WORK INSTRUCTION: Return, verbatim and in full, the records that follow, but not their pictures.

━━━━

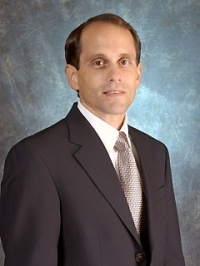 Dr. Brian  Cavallaro M.D.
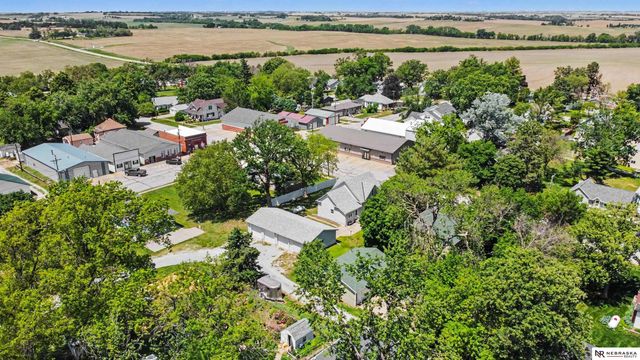 3625 Cedar Street, Davey, NE 68336
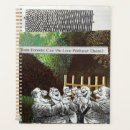 Search for politics planners Political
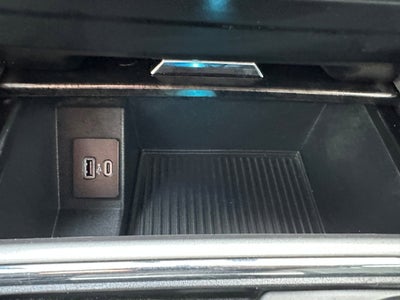 2022 Ford Super Duty F-250 SRW Base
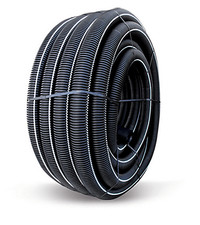 CAVIDOTTO TUBO CORRUGATO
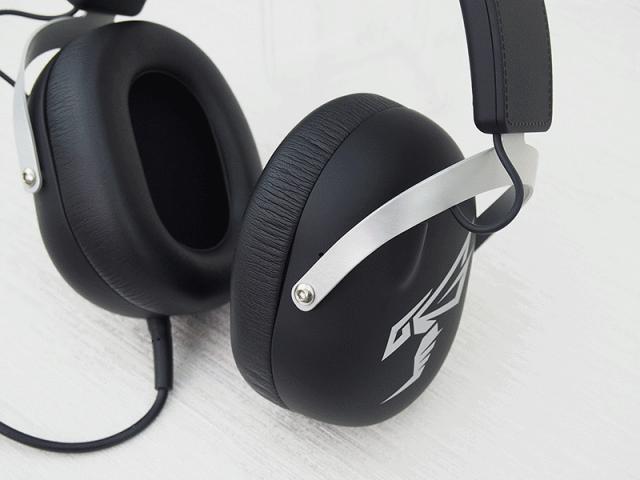 纭曠編绉慻909pro娴嬭瘎,纭曠編绉慻941鍚冮浮娴嬭瘎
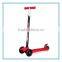 Bulk buy from china hot-sale good cheap kids scooter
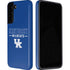 University of Kentucky Wildcats Galaxy S22 Plus Pro Case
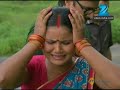 bhagonwali baante apni taqdeer hindi tv serial full epi 198 nivedita tiwari zee tv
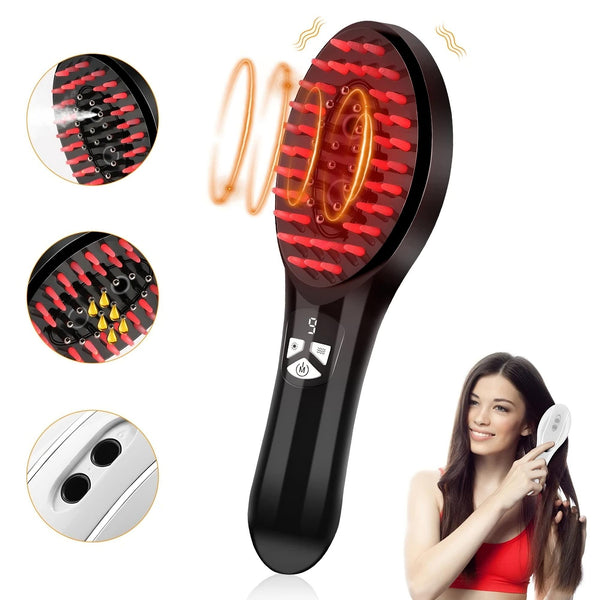 Product placeholder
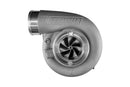 Turbosmart  TS-1 Performance Turbocharger 6870 V-Band Reverse Rotation 0.96AR Externally Wastegated-2
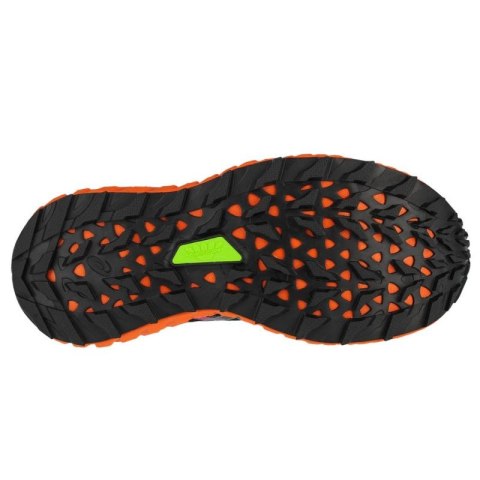 Buty do biegania Asics Trabuco Max W 1012A901-002 Asics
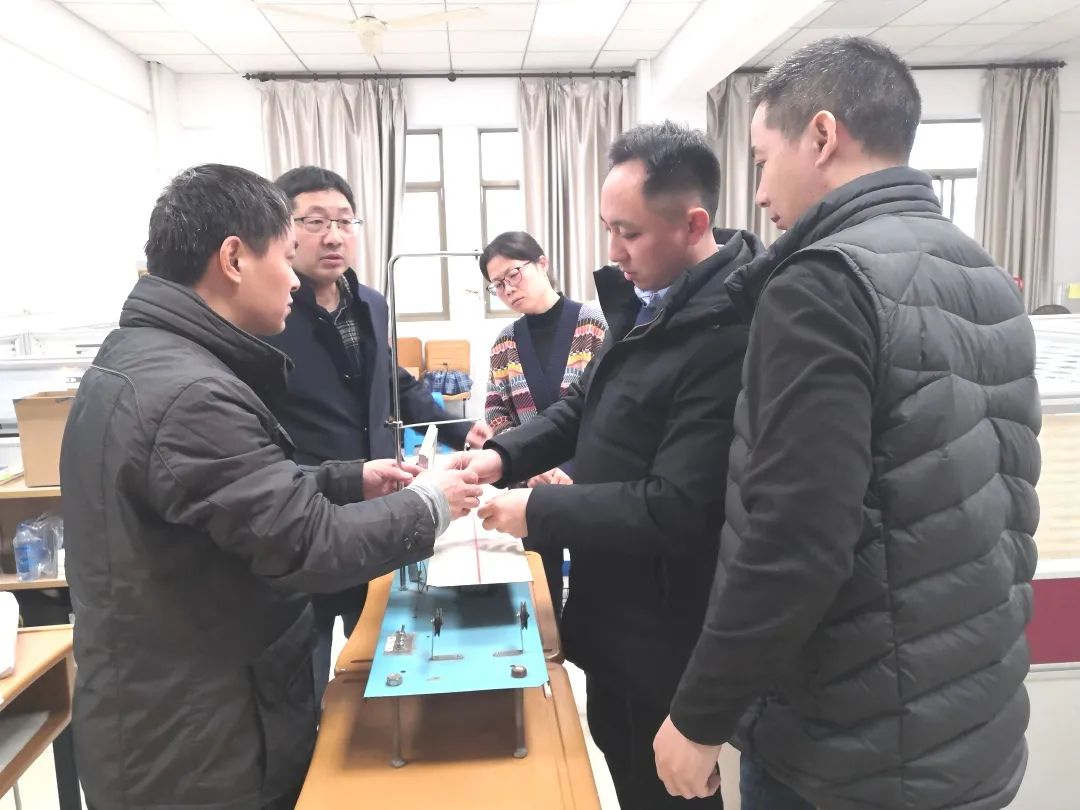 反沖運動 火箭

━━━━

TASK SOLUTION:
 Dr. Brian  Cavallaro M.D.
 3625 Cedar Street, Davey, NE 68336
 Search for politics planners Political
 2022 Ford Super Duty F-250 SRW Base
 CAVIDOTTO TUBO CORRUGATO
 纭曠編绉慻909pro娴嬭瘎,纭曠編绉慻941鍚冮浮娴嬭瘎
 Bulk buy from china hot-sale good cheap kids scooter
 University of Kentucky Wildcats Galaxy S22 Plus Pro Case
 bhagonwali baante apni taqdeer hindi tv serial full epi 198 nivedita tiwari zee tv
 Product placeholder
 Turbosmart  TS-1 Performance Turbocharger 6870 V-Band Reverse Rotation 0.96AR Externally Wastegated-2
 Buty do biegania Asics Trabuco Max W 1012A901-002 Asics
 反沖運動 火箭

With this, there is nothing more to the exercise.